PROBLEM: Only the pictures are to be left out; please reproduce everything else in the data exactly.

EXERCISE DATA:
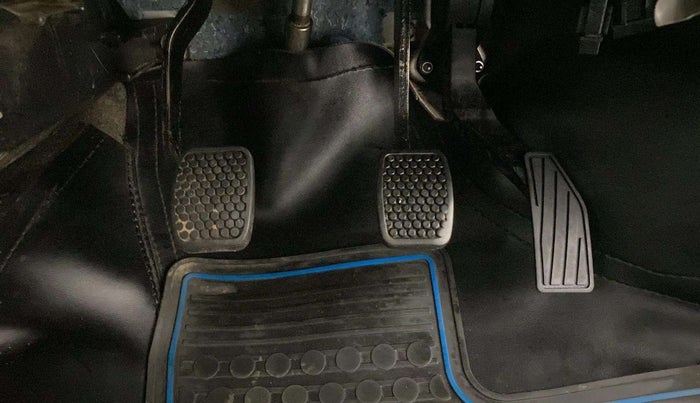 2019 Maruti Alto LXI, Petrol, Manual, 44,114 km, Pedals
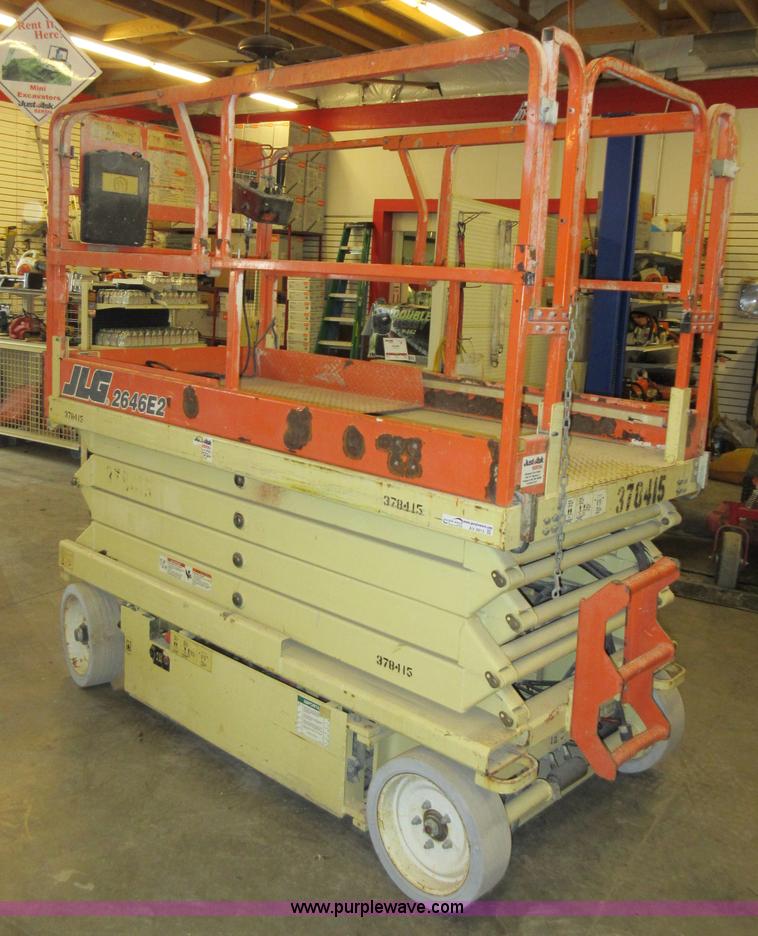 image for item AV9913 2002 JLG 2646E2 scissor lift
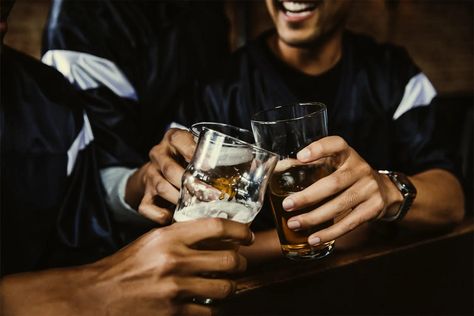 friends cheers-ing with beers Moderate Drinking, One Glass Of Wine, Heavy Drinking, Beer Cheers, Observational Study, Liquid Courage, Drinking Alcohol, Types Of Cancers, Wine And Liquor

RESPONSE BELOW:
 2019 Maruti Alto LXI, Petrol, Manual, 44,114 km, Pedals
 image for item AV9913 2002 JLG 2646E2 scissor lift
 friends cheers-ing with beers Moderate Drinking, One Glass Of Wine, Heavy Drinking, Beer Cheers, Observational Study, Liquid Courage, Drinking Alcohol, Types Of Cancers, Wine And Liquor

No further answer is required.